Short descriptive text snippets
-.-.-
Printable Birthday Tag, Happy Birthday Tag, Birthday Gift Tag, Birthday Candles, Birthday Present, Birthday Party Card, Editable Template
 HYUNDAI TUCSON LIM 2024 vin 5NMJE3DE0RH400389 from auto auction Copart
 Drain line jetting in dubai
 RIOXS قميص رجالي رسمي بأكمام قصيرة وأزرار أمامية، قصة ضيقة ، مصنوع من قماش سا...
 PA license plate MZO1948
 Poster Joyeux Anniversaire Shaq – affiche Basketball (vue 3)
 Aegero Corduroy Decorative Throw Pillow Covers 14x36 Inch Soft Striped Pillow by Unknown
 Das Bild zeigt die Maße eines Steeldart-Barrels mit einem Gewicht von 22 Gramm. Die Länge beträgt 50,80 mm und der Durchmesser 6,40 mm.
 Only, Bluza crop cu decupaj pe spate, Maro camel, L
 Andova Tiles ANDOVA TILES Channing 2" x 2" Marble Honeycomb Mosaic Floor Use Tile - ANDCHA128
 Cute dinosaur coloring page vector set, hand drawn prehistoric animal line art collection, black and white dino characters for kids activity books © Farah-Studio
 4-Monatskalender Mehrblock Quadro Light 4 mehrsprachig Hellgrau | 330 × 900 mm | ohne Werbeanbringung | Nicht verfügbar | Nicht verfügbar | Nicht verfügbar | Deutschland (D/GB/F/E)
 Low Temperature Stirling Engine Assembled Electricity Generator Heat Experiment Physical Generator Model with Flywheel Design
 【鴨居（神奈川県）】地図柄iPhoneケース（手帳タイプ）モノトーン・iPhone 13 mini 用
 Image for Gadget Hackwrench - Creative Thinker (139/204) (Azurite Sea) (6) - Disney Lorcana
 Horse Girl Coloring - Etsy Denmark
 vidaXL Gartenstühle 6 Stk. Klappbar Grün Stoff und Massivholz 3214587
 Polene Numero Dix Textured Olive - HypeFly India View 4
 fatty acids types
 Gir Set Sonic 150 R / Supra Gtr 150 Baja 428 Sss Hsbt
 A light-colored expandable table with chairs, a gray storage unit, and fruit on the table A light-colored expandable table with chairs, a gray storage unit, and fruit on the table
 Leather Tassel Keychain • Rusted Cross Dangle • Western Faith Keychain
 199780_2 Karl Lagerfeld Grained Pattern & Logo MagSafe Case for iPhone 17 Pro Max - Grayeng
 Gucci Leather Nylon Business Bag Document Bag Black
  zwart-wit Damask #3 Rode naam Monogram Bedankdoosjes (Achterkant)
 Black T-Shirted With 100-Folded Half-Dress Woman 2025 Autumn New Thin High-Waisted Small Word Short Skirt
-.-.-
Word for word, return each of the entries shown above.

Printable Birthday Tag, Happy Birthday Tag, Birthday Gift Tag, Birthday Candles, Birthday Present, Birthday Party Card, Editable Template
 HYUNDAI TUCSON LIM 2024 vin 5NMJE3DE0RH400389 from auto auction Copart
 Drain line jetting in dubai
 RIOXS قميص رجالي رسمي بأكمام قصيرة وأزرار أمامية، قصة ضيقة ، مصنوع من قماش سا...
 PA license plate MZO1948
 Poster Joyeux Anniversaire Shaq – affiche Basketball (vue 3)
 Aegero Corduroy Decorative Throw Pillow Covers 14x36 Inch Soft Striped Pillow by Unknown
 Das Bild zeigt die Maße eines Steeldart-Barrels mit einem Gewicht von 22 Gramm. Die Länge beträgt 50,80 mm und der Durchmesser 6,40 mm.
 Only, Bluza crop cu decupaj pe spate, Maro camel, L
 Andova Tiles ANDOVA TILES Channing 2" x 2" Marble Honeycomb Mosaic Floor Use Tile - ANDCHA128
 Cute dinosaur coloring page vector set, hand drawn prehistoric animal line art collection, black and white dino characters for kids activity books © Farah-Studio
 4-Monatskalender Mehrblock Quadro Light 4 mehrsprachig Hellgrau | 330 × 900 mm | ohne Werbeanbringung | Nicht verfügbar | Nicht verfügbar | Nicht verfügbar | Deutschland (D/GB/F/E)
 Low Temperature Stirling Engine Assembled Electricity Generator Heat Experiment Physical Generator Model with Flywheel Design
 【鴨居（神奈川県）】地図柄iPhoneケース（手帳タイプ）モノトーン・iPhone 13 mini 用
 Image for Gadget Hackwrench - Creative Thinker (139/204) (Azurite Sea) (6) - Disney Lorcana
 Horse Girl Coloring - Etsy Denmark
 vidaXL Gartenstühle 6 Stk. Klappbar Grün Stoff und Massivholz 3214587
 Polene Numero Dix Textured Olive - HypeFly India View 4
 fatty acids types
 Gir Set Sonic 150 R / Supra Gtr 150 Baja 428 Sss Hsbt
 A light-colored expandable table with chairs, a gray storage unit, and fruit on the table A light-colored expandable table with chairs, a gray storage unit, and fruit on the table
 Leather Tassel Keychain • Rusted Cross Dangle • Western Faith Keychain
 199780_2 Karl Lagerfeld Grained Pattern & Logo MagSafe Case for iPhone 17 Pro Max - Grayeng
 Gucci Leather Nylon Business Bag Document Bag Black
  zwart-wit Damask #3 Rode naam Monogram Bedankdoosjes (Achterkant)
 Black T-Shirted With 100-Folded Half-Dress Woman 2025 Autumn New Thin High-Waisted Small Word Short Skirt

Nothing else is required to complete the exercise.